Matlock is home to some of the most beautiful, natural landscapes in Derbyshire. It’s also a town with an interesting history that dates back centuries.
I’ll be taking you on a tour through Matlock’s hydro past and how it shaped the town it is today!
How did Matlock start as a Hydrotherapy destination?
In the late 18th century, Sir Richard Arkwright’s experiments at Cromford provided factory jobs for many people from the area. But it wasn’t until the 1840s that Matock began its spectacular growth as an English spa town.
John Smedley was the first to establish Matlock as a Hydrotherapy destination. As well as Riber Castle he started building Smedley’s hydro in 1867 located halfway up Bank Road on Smedley St.

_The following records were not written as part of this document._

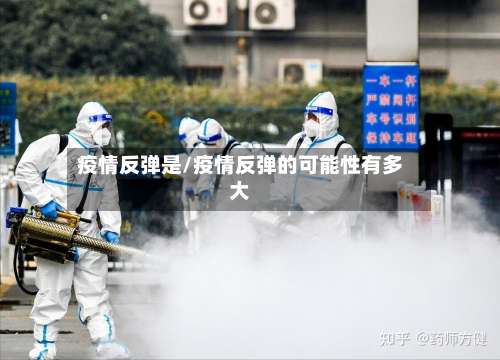 疫情反弹是/疫情反弹的可能性有多大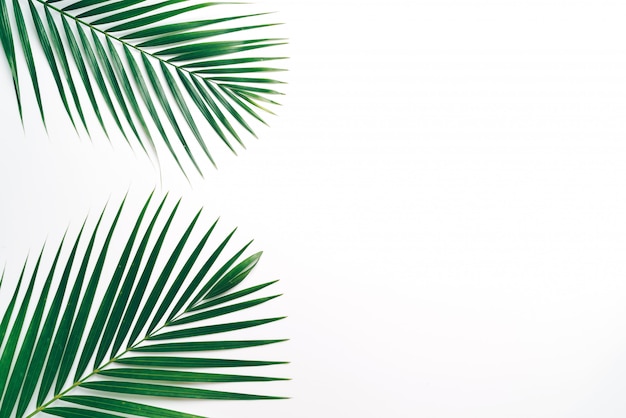 Folhas de palmeira tropical com espaço de cópia
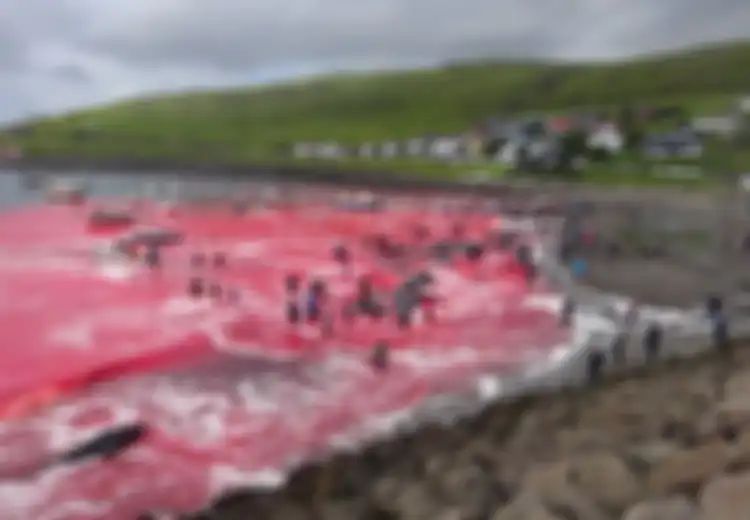 Lautan Dipenuhi Darah Merah, Kala Ratusan Paus 'Dibantai' di Pulau Faroe Setiap Tahunnya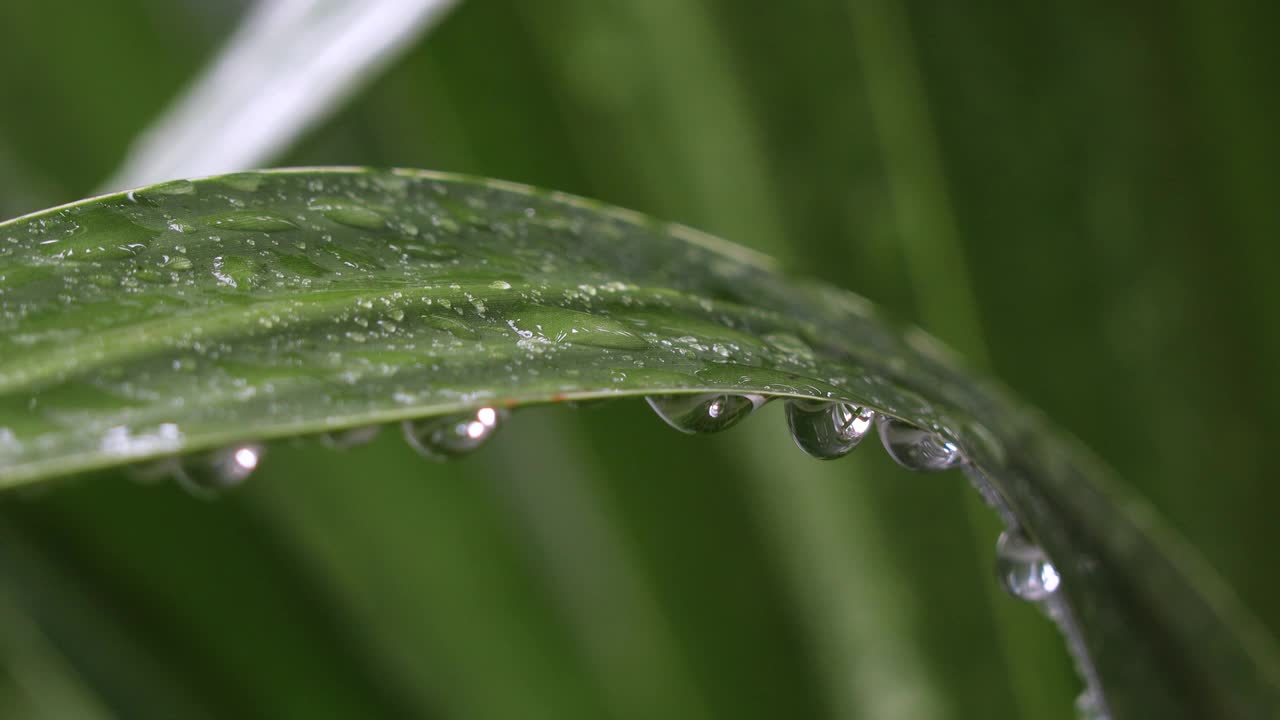 特写的水滴固定在绿叶和虚线的雨射流在背景。自然背景。概念享受放松的自然。视频素材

Later on in the 1860’s Mr Charles Rowland built Rockside Hydro further up right at the top of Bank Road. Boasting Tennis courts, Bowling and Croquet Lawns it was a huge success.
What is Hydrotherapy?
Hydrotherapy treatment involves soaking in warm water, drinking fresh mineral waters and taking cold showers. These were thought to have healing properties People traveled from far and wide to Matlock believing these treatments could help with an extensive range of ailments from gout to depression! The general idea was that water should be able to invade any cracks or imperfections in your skin. Water had a natural purifying effect when invading those areas and flushing out impurities which will rise up on the surface of your body as pus during what’s called an “crisis.” This crisis can happen through many different methods such as soaking for hours at a time, drinking large amounts of fluids over short periods of time. These included methods such as sweating, the plunging bath, the half bath and the head bath to name a few.

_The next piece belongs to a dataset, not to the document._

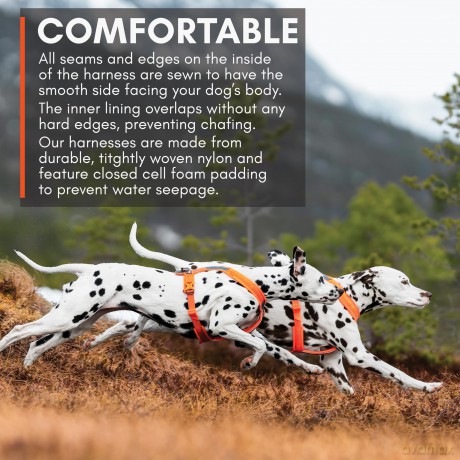NON STOP - Non-Stop Line Harness 5.0 - Orange - 6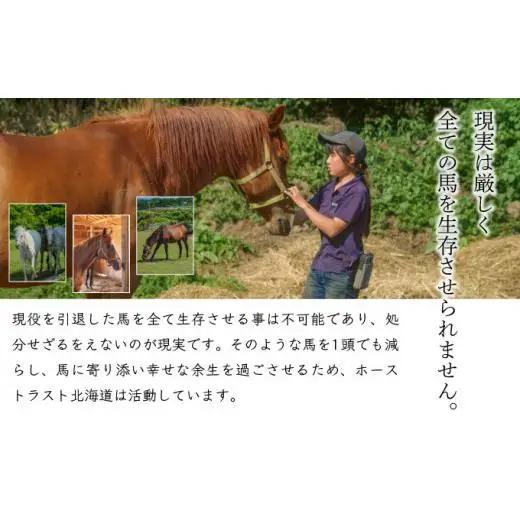 ホーストラスト北海道支援 100万円コース 引退馬 F21H-561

The spas were revered for their healing properties. For example, Queen Victoria is said to have taken baths there every summer between 1848-1861
What was it like visiting Matlock’s spas over 100 years ago? In 1892, there was a long list of attractions including boating on Derwent river or climbing up to see the views from Monsal Head.
How did it affect Matlock?
At the time a cable tramway was built starting at the bottom of bank road and leading up the the top terminating just below Rockside Hydro. The depot was situated on Rutland Street and contained a boiler which pulled the cable, lifted the trams 300 feet up Bank Road. Fares used to be tuppence for going up and a pennie going down. The tram traveled at 5½ mph and due to the pulley system had the advantage of the tram going down balancing out the tram coming up, reducing the strain on the boiler. The old Tram stop can be seen preserved on Hawley’s park.
In 1900, hydrotherapy treatments began falling out of favor when it became clear that penicillin had become more effective during World War One Medical discoveries led to new ideas about what cures diseases.
What became of the spas today?
After a brief stint as a military intelligence center in the war Smedley’s Hydro closed down in the 1950’s. In 1955 it was pr chased was purchased by Derbyshire County Council and is now known as County Hall housing the administration of the municipality of Derbyshire.
Between the years of 1945-88 Rockside Hydro was occupied by a teacher training collage. Once it had shut down the building fell into disrepair until it was redeveloped in to the housing and apartments it is today.